Since shortly after Oct. 7, many shuls have been reading Psalm 121 responsively at the end of weekday services, a practice in times of crisis dating back centuries. My Orthodox synagogue, B’nai David-Judea in Los Angeles, is one of many that now sing “Acheinu,” a 26-word passage manifesting God’s redemption of Jews in peril, on Shabbat mornings. There was already a prayer for captives in some prayer books, though new ones have been written that are less one-sided and weave in prayers for peace.

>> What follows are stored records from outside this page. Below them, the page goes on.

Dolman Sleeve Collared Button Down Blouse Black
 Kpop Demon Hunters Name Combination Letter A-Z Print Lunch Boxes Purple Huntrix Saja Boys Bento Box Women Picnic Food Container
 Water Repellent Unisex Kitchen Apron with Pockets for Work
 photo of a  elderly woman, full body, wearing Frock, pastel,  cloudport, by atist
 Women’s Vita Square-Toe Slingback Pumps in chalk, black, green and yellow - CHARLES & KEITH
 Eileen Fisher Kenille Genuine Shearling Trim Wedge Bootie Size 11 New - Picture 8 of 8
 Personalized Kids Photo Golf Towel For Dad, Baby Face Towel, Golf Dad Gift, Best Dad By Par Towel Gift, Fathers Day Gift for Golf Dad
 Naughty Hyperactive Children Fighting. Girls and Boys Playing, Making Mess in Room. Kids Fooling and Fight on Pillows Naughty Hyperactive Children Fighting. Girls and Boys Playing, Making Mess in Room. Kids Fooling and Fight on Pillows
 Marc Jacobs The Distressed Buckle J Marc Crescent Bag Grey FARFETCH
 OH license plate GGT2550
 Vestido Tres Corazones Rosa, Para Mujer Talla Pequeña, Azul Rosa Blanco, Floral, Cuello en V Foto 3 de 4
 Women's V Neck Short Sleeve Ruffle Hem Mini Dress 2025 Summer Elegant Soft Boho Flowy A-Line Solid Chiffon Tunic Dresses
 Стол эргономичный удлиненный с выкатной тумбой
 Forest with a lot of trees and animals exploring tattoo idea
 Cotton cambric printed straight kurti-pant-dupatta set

A year later, many of these temporary alterations have come to feel like central features of the service. The stirring rendition of Acheinu at B’nai David — with the ark open after the Torah has been returned — has supplanted Etz Chayim Hi as the emotional high point of Shabbat morning prayers. With Israel now opening a second front against Lebanon, it’s almost harder to see us not singing it than it is to see the war ending.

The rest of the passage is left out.